# What to work on:
Transcription, pictures excluded: write out the data below exactly.

# Dataset section:

· · ·

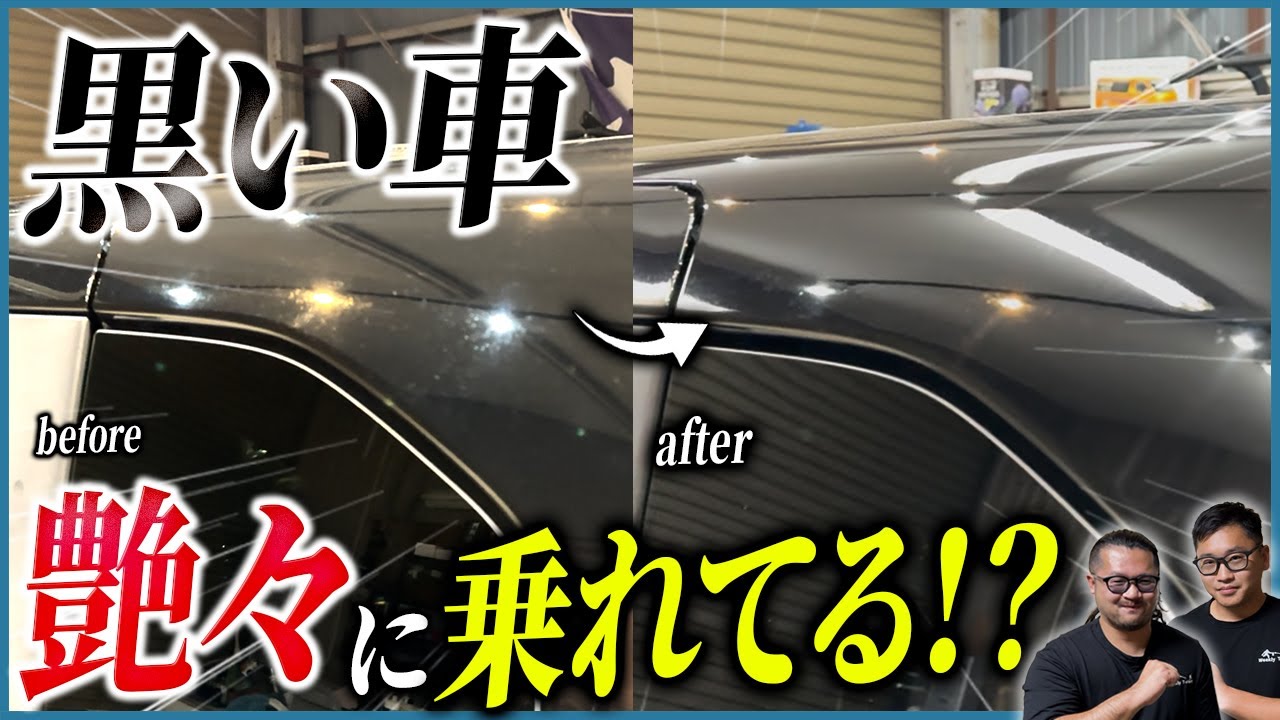 【黒い車を諦めるのはまだ早い❗️】誰でもできる‼️DIY黒ツヤ仕上げ術を大公開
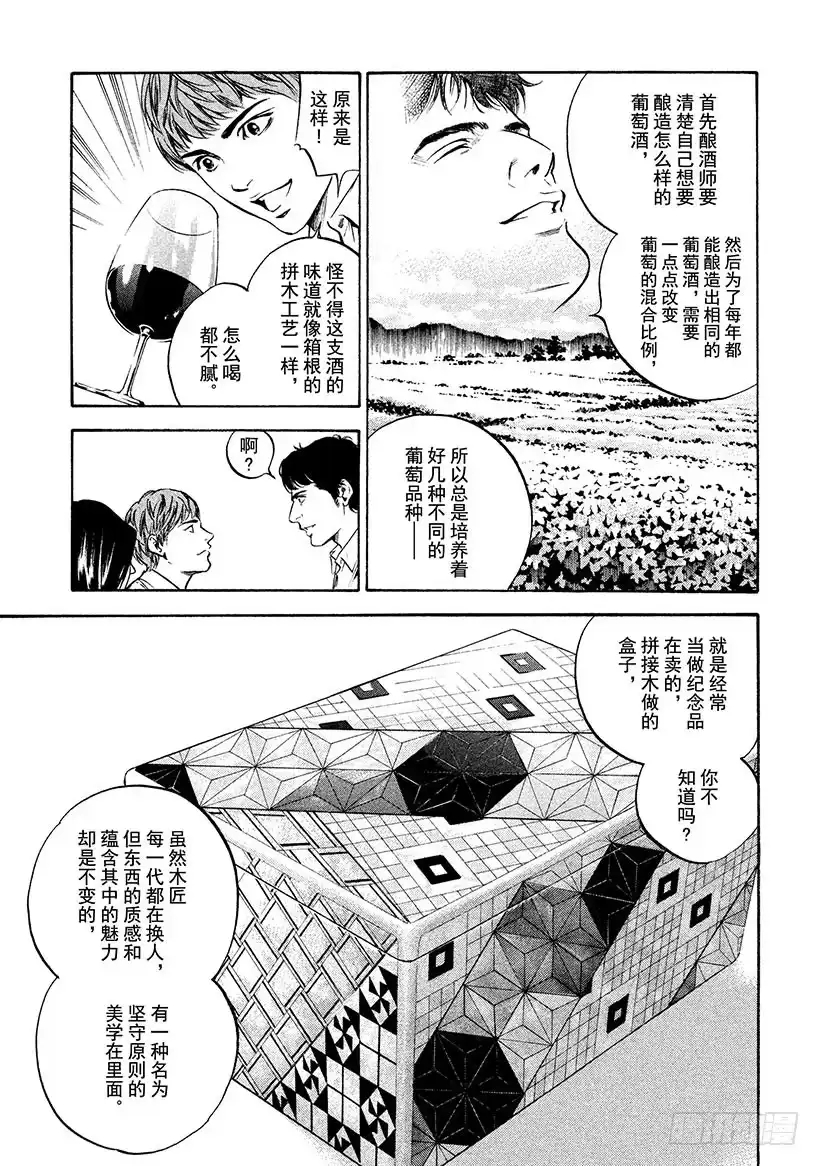《神之雫（神之水滴）》#190 对于追寻诗歌之人，阿骑 第7页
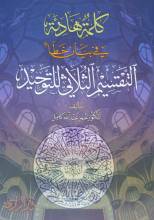 كتاب بيان خطأ التقسيم الثلاثي للتوحيد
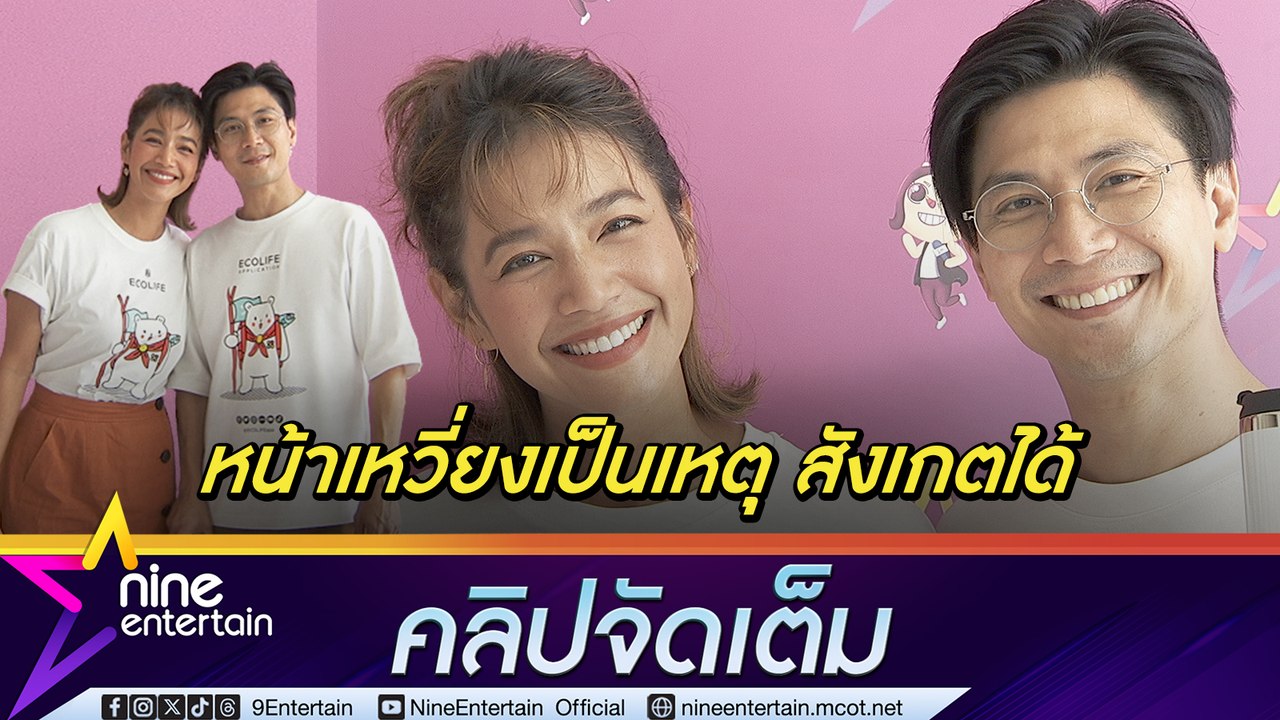นุ่น ศิรพันธ์ รับ ทำงานกับ ท็อป ไม่ง่าย ถึงขั้นมีทะเลาะ โอด คนเข้าใจผิดว่าเพราะหน้าเหวี่ยง (คลิปจัดเต็ม)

· · ·

# Written answer:
 【黒い車を諦めるのはまだ早い❗️】誰でもできる‼️DIY黒ツヤ仕上げ術を大公開
《神之雫（神之水滴）》#190 对于追寻诗歌之人，阿骑 第7页
 كتاب بيان خطأ التقسيم الثلاثي للتوحيد
นุ่น ศิรพันธ์ รับ ทำงานกับ ท็อป ไม่ง่าย ถึงขั้นมีทะเลาะ โอด คนเข้าใจผิดว่าเพราะหน้าเหวี่ยง (คลิปจัดเต็ม)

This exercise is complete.